Thoughts and Experiments with NER-2

In the last post, I wrote about the general idea of Named Entity Recognition, the issues I noticed in the way researchers discuss the problem in contemporary research articles. My point for this post is to show - we don’t need complex models to report state-of-the-art accuracies on standard datasets. I took a freely available dataset (CONLL-03) and trained three NER models:

a Neural model, from Anago, which uses a Bi-directional LSTMs coupled with a CRF, and do not rely on anything other than annotated training data and, if needed, pre-trained word embeddings.
a sequence labeling model (i.e., current prediction depends on previous predictions too) using CRF-Suite in Python implementation. Much has been written in the non-neural era about feature engineering for NER. Even standard textbooks list some common features. I just used word and part-of-speech contexts as features.
a general classification model, which looks at each word, and classifies it into one of the named entity categories, without bothering about previous labels. I used the same features as CRF, and used a random forest classifier.

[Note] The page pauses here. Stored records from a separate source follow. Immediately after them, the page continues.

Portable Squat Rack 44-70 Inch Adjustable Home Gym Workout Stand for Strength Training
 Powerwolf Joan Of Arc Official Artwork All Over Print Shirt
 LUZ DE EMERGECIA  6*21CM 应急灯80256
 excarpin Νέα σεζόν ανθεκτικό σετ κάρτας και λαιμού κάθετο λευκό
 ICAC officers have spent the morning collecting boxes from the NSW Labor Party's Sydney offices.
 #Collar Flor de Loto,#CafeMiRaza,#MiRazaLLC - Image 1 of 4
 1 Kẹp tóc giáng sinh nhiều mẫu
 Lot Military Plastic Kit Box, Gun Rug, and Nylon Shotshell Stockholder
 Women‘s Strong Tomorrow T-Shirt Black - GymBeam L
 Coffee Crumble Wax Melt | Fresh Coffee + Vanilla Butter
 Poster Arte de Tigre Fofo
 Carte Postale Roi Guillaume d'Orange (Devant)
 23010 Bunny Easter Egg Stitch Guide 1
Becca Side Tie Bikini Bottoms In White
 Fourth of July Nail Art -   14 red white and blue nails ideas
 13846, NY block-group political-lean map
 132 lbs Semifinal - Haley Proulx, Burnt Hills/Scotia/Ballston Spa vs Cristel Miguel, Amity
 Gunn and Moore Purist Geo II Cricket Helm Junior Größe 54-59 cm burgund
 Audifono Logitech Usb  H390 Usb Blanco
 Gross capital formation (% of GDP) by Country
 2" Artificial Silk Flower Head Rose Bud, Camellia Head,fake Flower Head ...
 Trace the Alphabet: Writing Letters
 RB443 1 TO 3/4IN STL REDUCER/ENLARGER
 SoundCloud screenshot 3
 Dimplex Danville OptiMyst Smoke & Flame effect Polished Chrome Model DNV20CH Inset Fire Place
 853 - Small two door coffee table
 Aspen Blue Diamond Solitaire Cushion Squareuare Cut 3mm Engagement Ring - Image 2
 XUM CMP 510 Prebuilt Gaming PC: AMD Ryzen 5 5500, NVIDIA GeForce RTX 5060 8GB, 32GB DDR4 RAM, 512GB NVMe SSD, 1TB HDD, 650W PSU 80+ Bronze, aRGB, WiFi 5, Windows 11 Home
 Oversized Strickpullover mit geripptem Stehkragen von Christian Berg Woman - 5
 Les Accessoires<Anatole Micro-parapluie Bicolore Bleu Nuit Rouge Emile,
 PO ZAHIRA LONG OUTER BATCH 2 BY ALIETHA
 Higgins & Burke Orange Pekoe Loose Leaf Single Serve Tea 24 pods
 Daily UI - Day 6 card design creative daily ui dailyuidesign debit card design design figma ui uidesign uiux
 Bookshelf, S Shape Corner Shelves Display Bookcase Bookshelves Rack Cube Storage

I tried with a couple of others as well, changing datasets, mixing models, adding more features etc. But, you get the overall picture!.

While I tried the models in the above mentioned order, it really should have been the reverse. So, let me discuss in reverse. [Note: I am just dumping down my thoughts. This is not intended to be a pedagogical post/tutorial/lecture notes. However, I will be sharing whatever code I wrote for this post.]

NER as word classification Conventional wisdom tells you - do not do this! Contemporary wisdom tells you - do not go beyond neural nets. I rejected both the wise warnings, and did it nevertheless, for the following reasons:

I saw several state of the art research articles talking about 90-92% F-scores on this CONLL-03 dataset (which can be found in Anago link above). That made me wonder - what is it like without a neural model?
That took me to CRFs, which gave me an F-score of 92.54% with very unimaginative features [You put some effort into thinking about simple features, and you can reach 95+ on that dataset, believe me. I did].
That left me wondering - really? what is it like if I don’t use even CRFs, and just treat NER as word level classification problem?

Here is what I got, using a BIO notation for the dataset (btw, BIO/IO/BILOU - very little difference. It doesn’t matter in terms of real differences). Average F-score: 92.8% (cool stuff, you see. Best result, perhaps?) image-title-here

NER as a sequence labeling problem: Conditional Random Fields (CRFs) used to be very popular for NER, a couple of years back. I just followed that approach, with the same feature set as above. Here are are the resutls: Average F-score: 92.5% (it appears slightly better, but really, there is no difference in terms of that number. You can notice category wise differences if you look beyond a single number). image-title-here

NER as a neural network based sequence labeling problem: As mentioned above, I used anago as is.

from anago.utils import load_data_and_labels
import anago
x_train, y_train = load_data_and_labels(‘data/conll2003/en/ner/train.txt’)
x_test, y_test = load_data_and_labels(‘data/conll2003/en/ner/test.txt’)
x_dev, y_dev = load_data_and_labels(‘data/conll2003/en/ner/valid.txt’)
model = anago.Sequence()
model.fit(x_train, y_train, x_dev, y_dev, epochs=15)
model.score(x_test,y_test)

This NER model, with tuning, gave me a F score of 78.75 on the test set. The paper that describes this approach, after doing several experiments, reports a best score of 90.7. Please note - I did not do any hyper parameter tuning for the first two approaches. I just wanted to post something quick on this. Since these results seem too high for such a simple approach, I am kind of surprised. I then also spent sometime just using these models on random documents such as blog posts (joblib is very useful!), and qualitatively analysing the NER tags. It seemed pretty reasonable! My code is here. I tried to add some comments, but it is not exhaustive.

Morals of the story for now are:

While research papers give you a lot of ideas, they should not stop you from looking for simpler explanations, if you think there are simpler explanations.
It may look very uncool and old-fashioned to not look into more complex neural networks, but it is also important to realize they are not a universal cure.
A single number result won’t tell much (I did not put the majority baseline result - i.e., where everything is classified as Other, but you can deduce from here).
You are free to expand on this, get to 99% accuracy or whatever on the same dataset, but keep in mind, all that may not make sense if you have to use NER in a production system, in a specialized domain. You will need to do more work.

Written on June 14, 2018